Konstantinos Chatzis

Konstantinos Chatzis

Teacher researcher Doctor of Economics and Social Sciences ENPC
Contact
Bienvenüe (Ecole des Ponts ParisTech)
Plot B/C, 2ème étage
bd Copernic - Cité Descartes
77447 Champs-sur-Marne

Bio

Since the defence of my doctoral thesis (February 1993), I have carried out, as a historian (primarily) and sociologist, numerous research projects focusing on the history of the modern engineer (19th–21st centuries), which can be grouped into three main ‘chapters’.

The first, a direct continuation of my doctoral work, comprises studies that focus on engineering practices through the long-term evolution of major socio-technical systems, notably urban networks and large-scale rationalised industry.
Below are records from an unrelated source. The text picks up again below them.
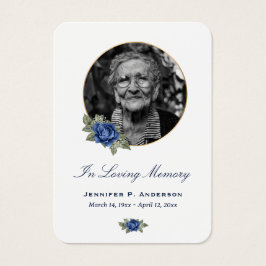 Blue Roos Gold Floral Memorial Cards Visitekaartje
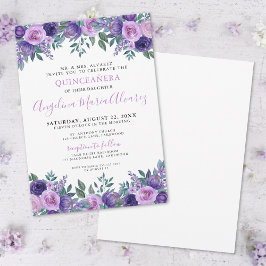 Invitation Élégante Quinceanera Simple Violet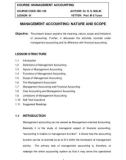 MANAGEMENT ACCOUNTING: NATURE AND SCOPE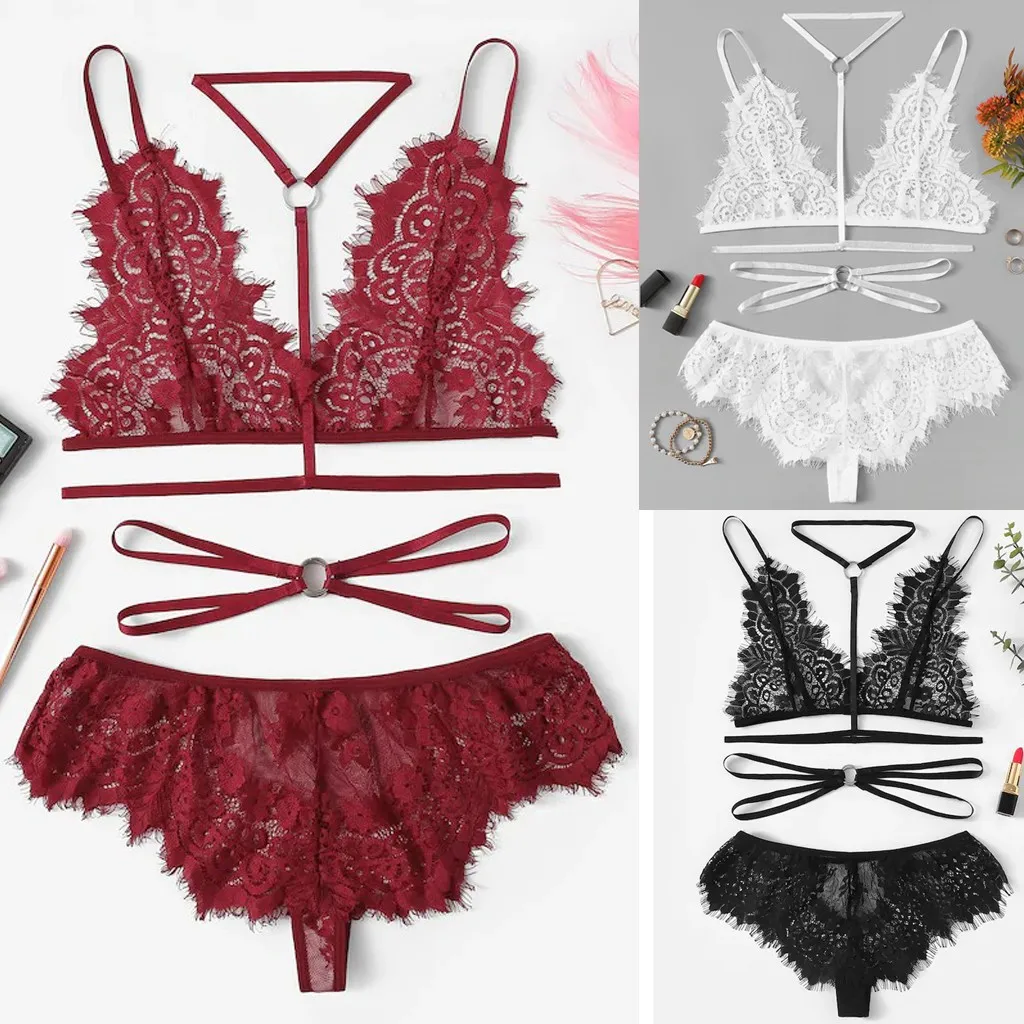 

sexy lingerie set bra women nightwear underwear Women Eyelash Lace Detail With Choker Bandage Bra Thong#P35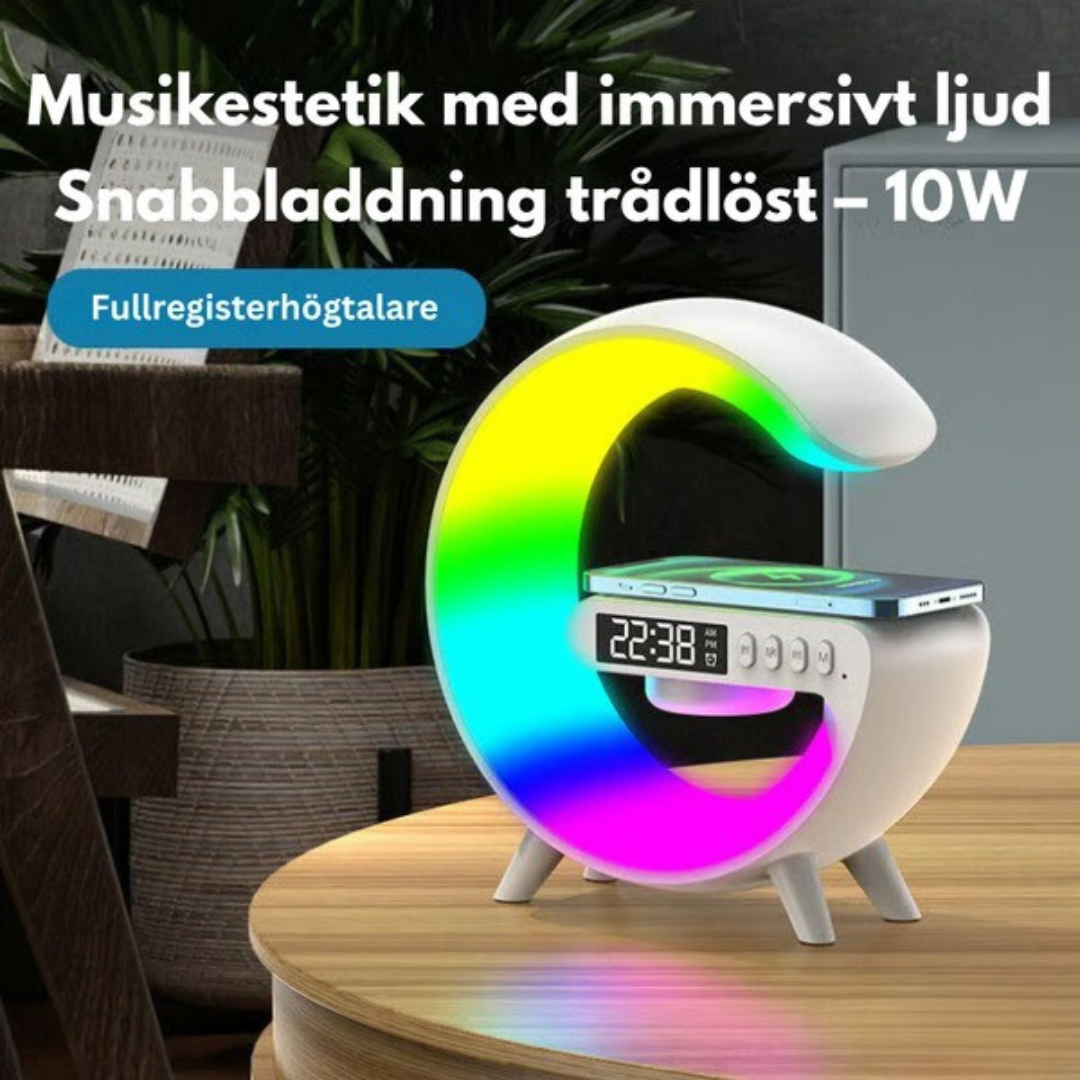 SoundGlow™ | Zonsopgang-wekkerradio, Bluetooth-luidspreker, draadloze oplader, sfeerverlichting!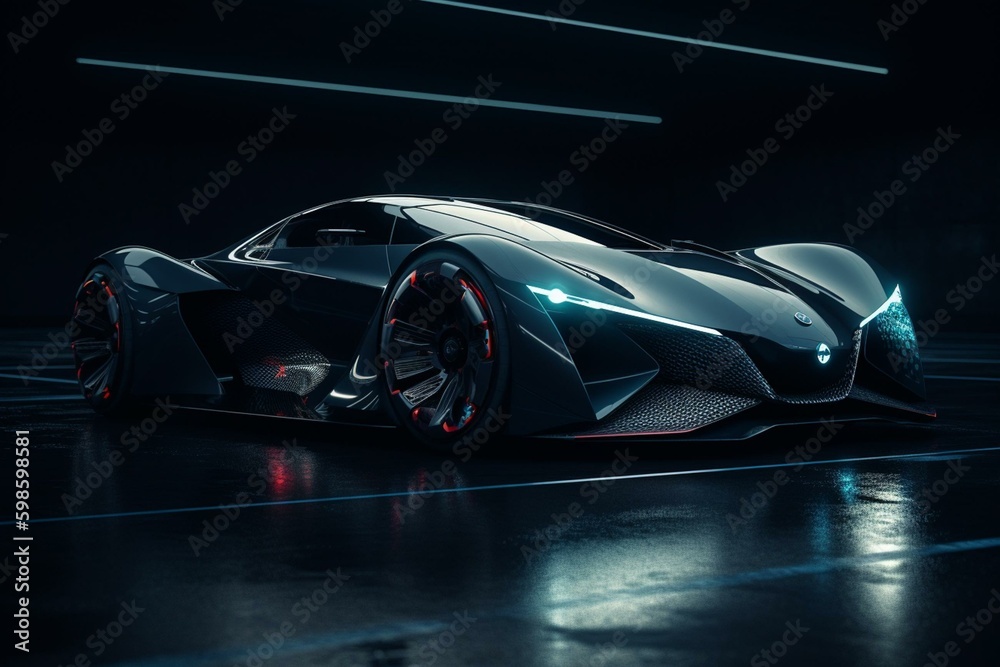 Futuristic autonomous sports car on dark background. HUD included. Generative AI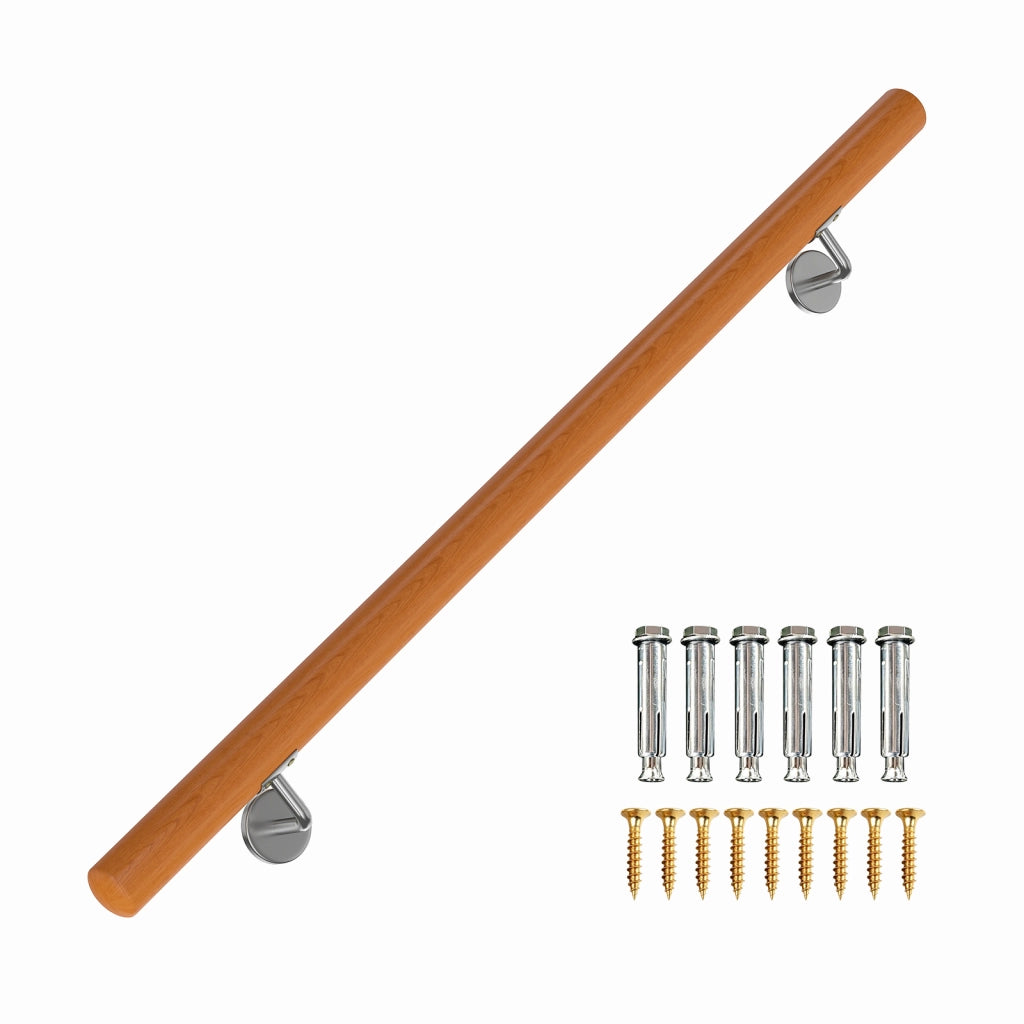 Corrimano per scale in legno con supporto e kit di installazione, Ringhiera antiscivolo da parete per scale interne L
Another strand of my research seeks to give the engineer a concrete face through the study of the history of the profession, engineering education and the engineering sciences (applied mechanics in particular).
Finally, by focusing on the sphere situated downstream of engineering practices, I have also explored the engineer’s place in the society of their time and the effects of their actions on a series of large-scale historical movements, such as the construction of a ‘rational’ state or the functioning of major cities. For several years now, this arc—which spans the emergence of the figure of the modern engineer, through their practices, to their role as a historical agent—has increasingly been viewed in a comparative and transnational light (the study of the circulation of objects and people), with a desire, shared by several colleagues, to move beyond the ‘nation-centred’ perspective that has dominated the historical community since the 19th century in favour of interpretations that emphasise exchanges and connections between geographical areas (France, Greece and the United States, in this instance).
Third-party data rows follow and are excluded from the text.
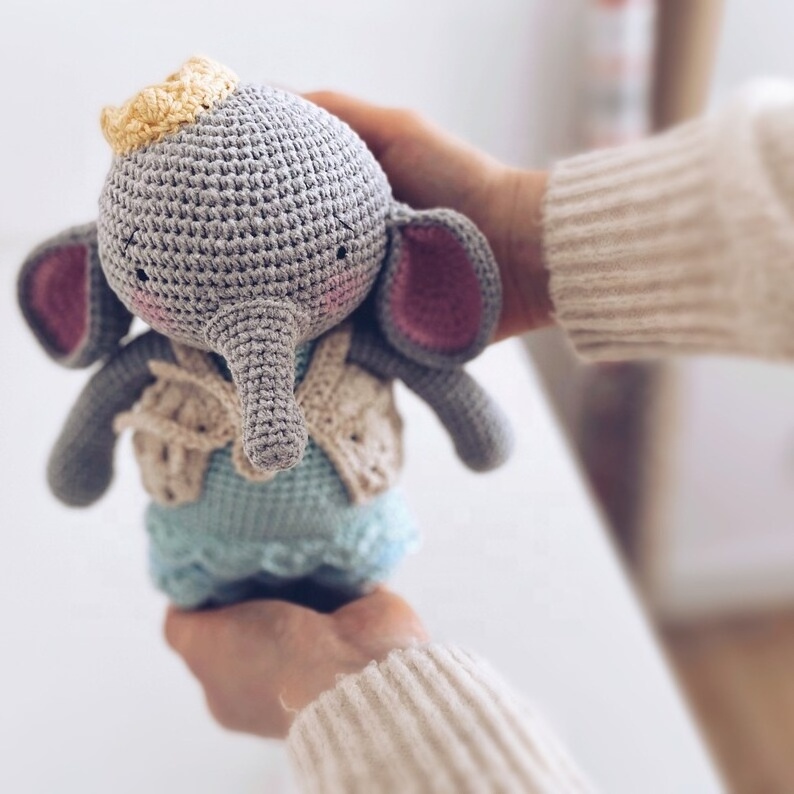 100%Cotton Soft Amigurumi Stuffing Toy Customized Knitting Elephant Doll For Kid Gift Set Crochet Bunny Animal For Baby Gift Set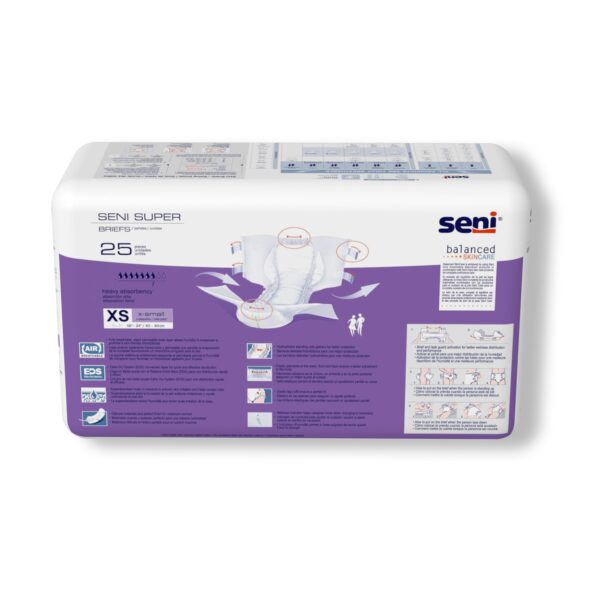 Seni Super X-Small Unisex Adult Incontinence Brief with Heavy Absorbency - Part Number S-XS25-BS1 - Image 8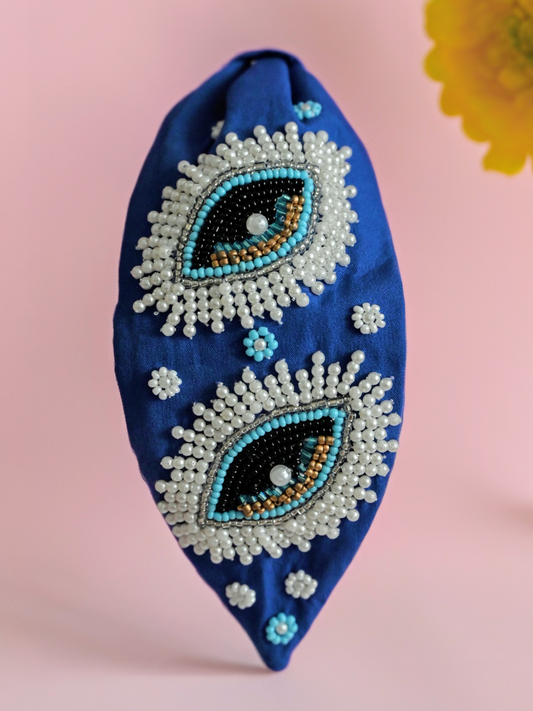 Handmade Blue Evil Eye Beaded Headband for Women | Protection Gift Accessory — Zohricanada
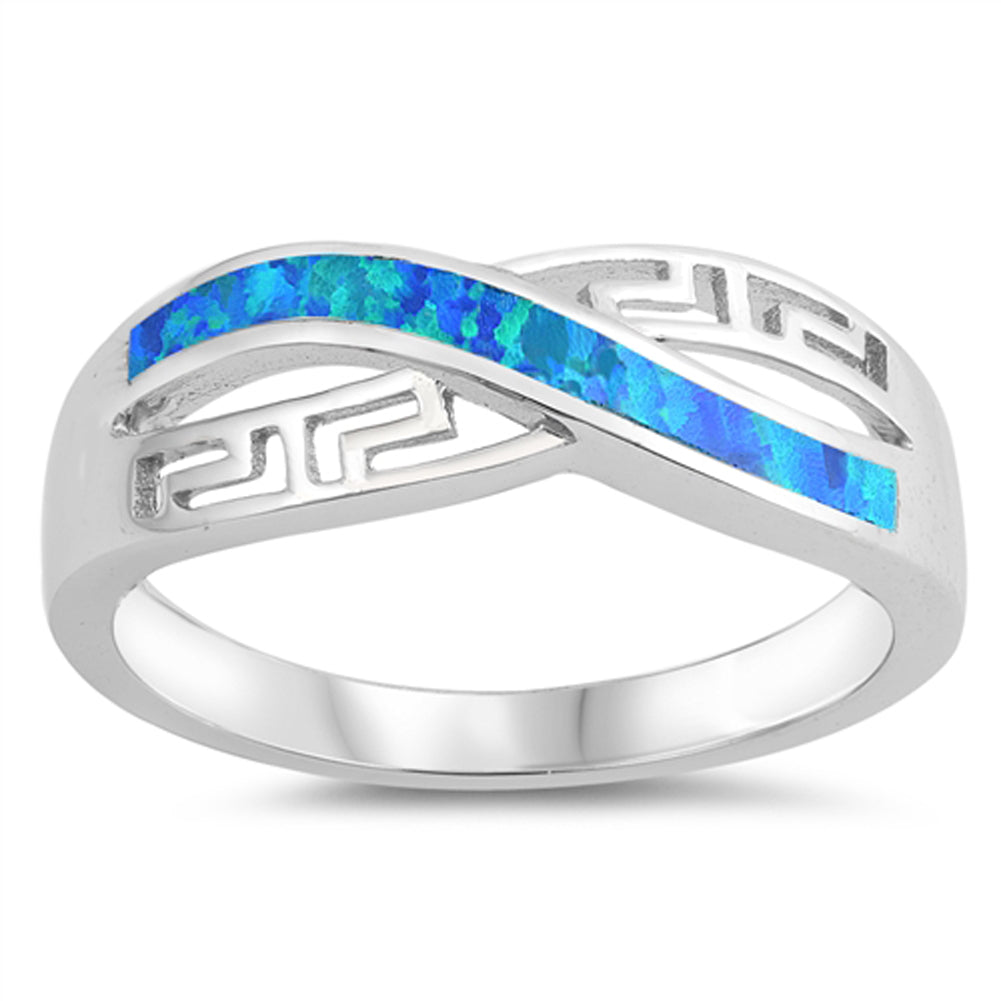 Blue Lab Opal Infinity Greek Key Filigree Ring Sterling Silver Band Sizes 5-10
This research has led to participation in conferences around the world (France, Greece, Germany, Italy, Spain, the United Kingdom, Bulgaria, the United States, Brazil, Mexico) and to numerous publications in several languages.

Today
Senior Research Fellow (CR1) (since 2000) at the French Institute of Transport, Planning and Network Sciences (IFSTTAR), having been recruited as a Research Fellow (CR2) at the National Institute for Transport and Safety Research (INRETS) in 1993.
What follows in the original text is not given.